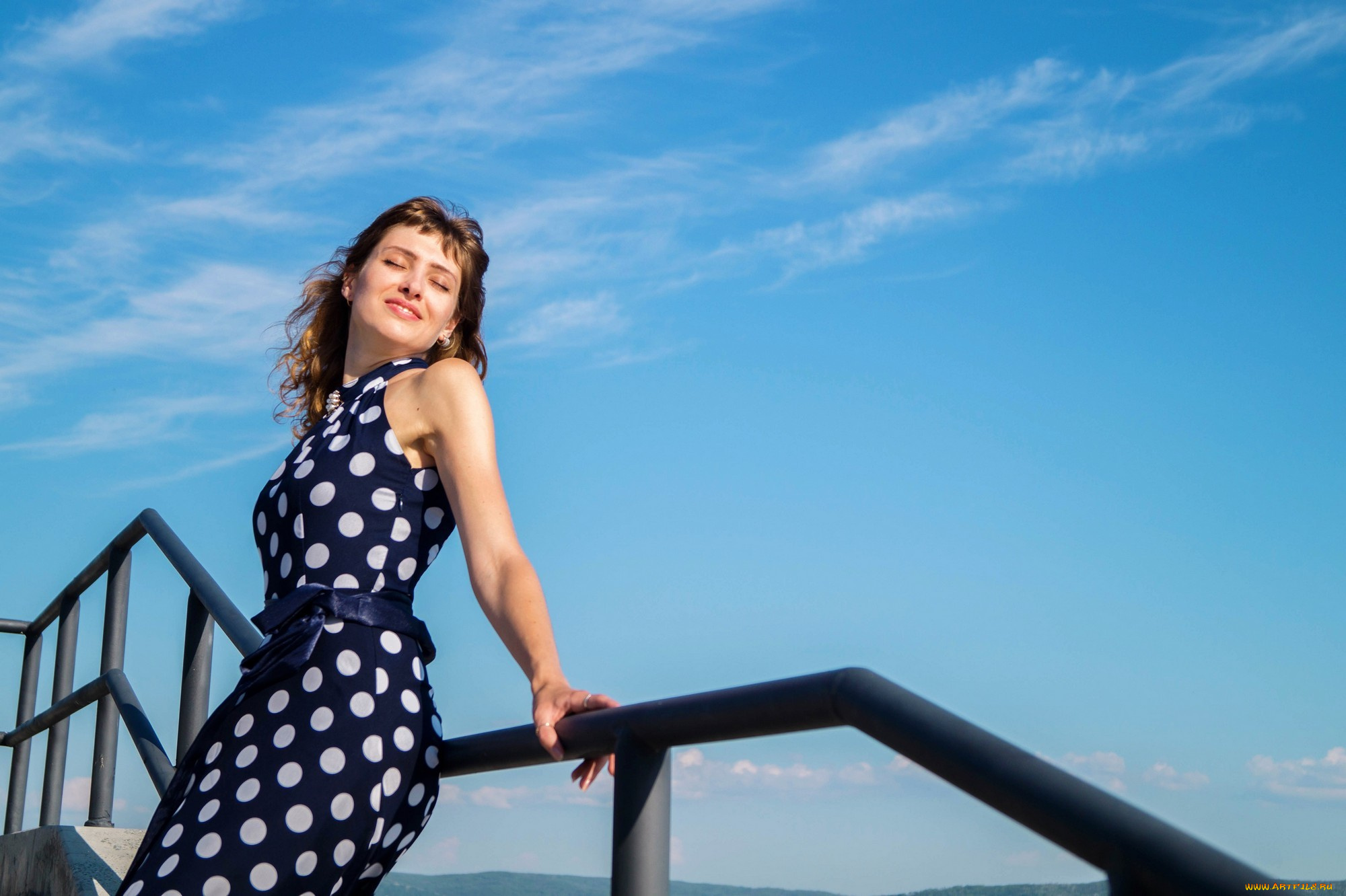 девушки, -unsort, , брюнетки, темноволосые, улыбка, платье, бант, небо, перила, лестница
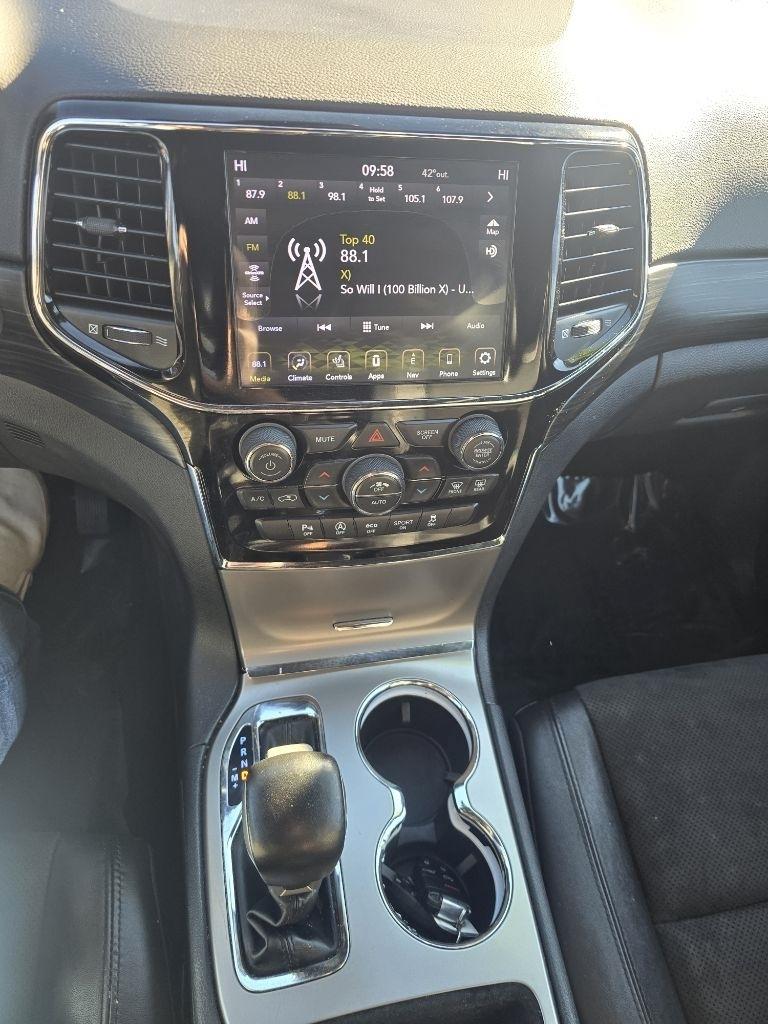 Jeep Grand Cherokee Laredo 2WD 2020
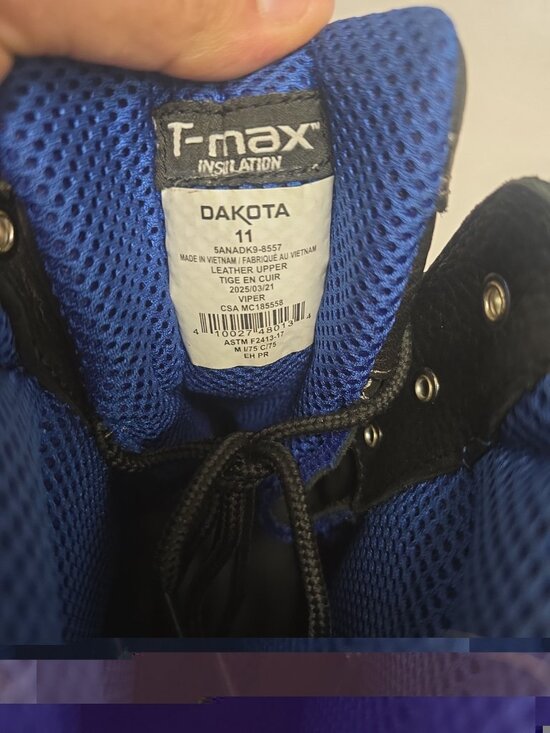 Dakota Men\'s 8\
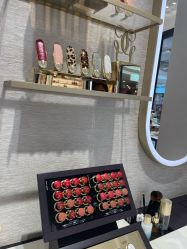 -法国娇兰精品店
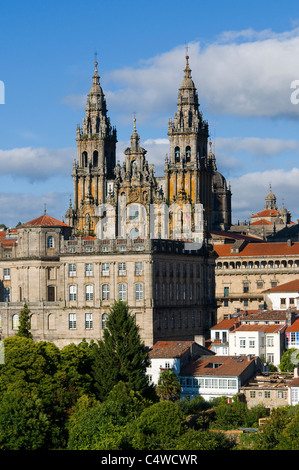 Santiago de Compostela cathedral dominant l'horizon de la ville. Banque D'Images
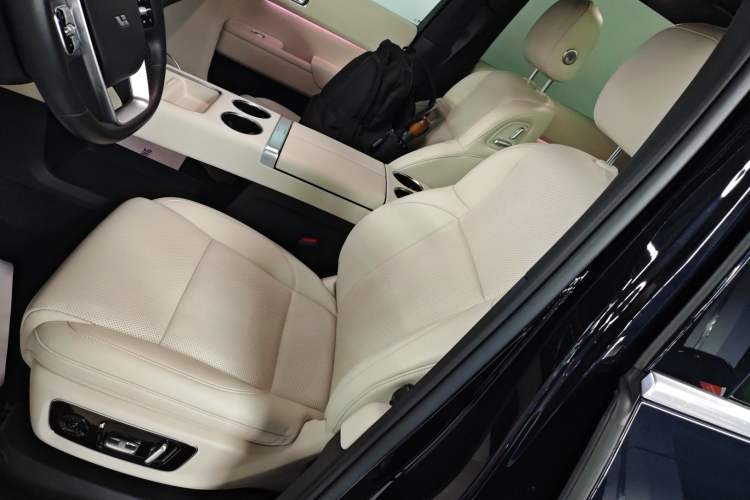 Used Li Auto L8 2023 Pro Model
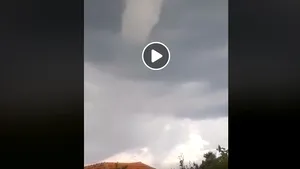 VIDEO | O TORNADĂ în formare, filmată într-un sat din judeţul Arad 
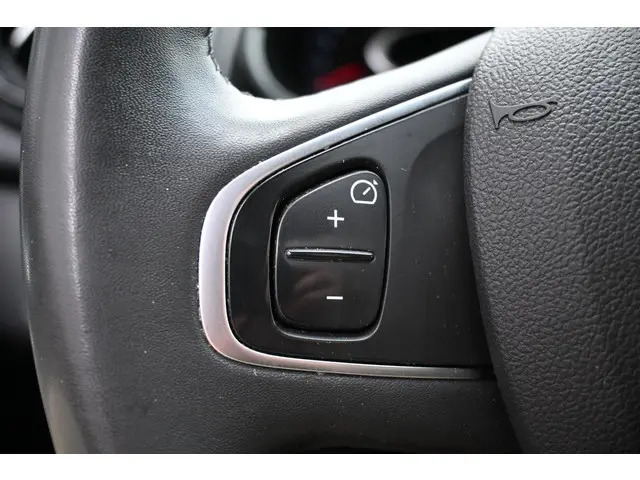 Renault Clio Estate TCe 90 Limited 2019 Benzine 22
-------
> _Instructions to follow_: What you write must match, line for line, the records from the line containing "Jeep Grand Cherokee Laredo 2WD 2020" through the last line, with every picture left out.

> _Written solution_:
 Jeep Grand Cherokee Laredo 2WD 2020
 Dakota Men\'s 8\
 -法国娇兰精品店
 Santiago de Compostela cathedral dominant l'horizon de la ville. Banque D'Images
 Used Li Auto L8 2023 Pro Model
 VIDEO | O TORNADĂ în formare, filmată într-un sat din judeţul Arad 
 Renault Clio Estate TCe 90 Limited 2019 Benzine 22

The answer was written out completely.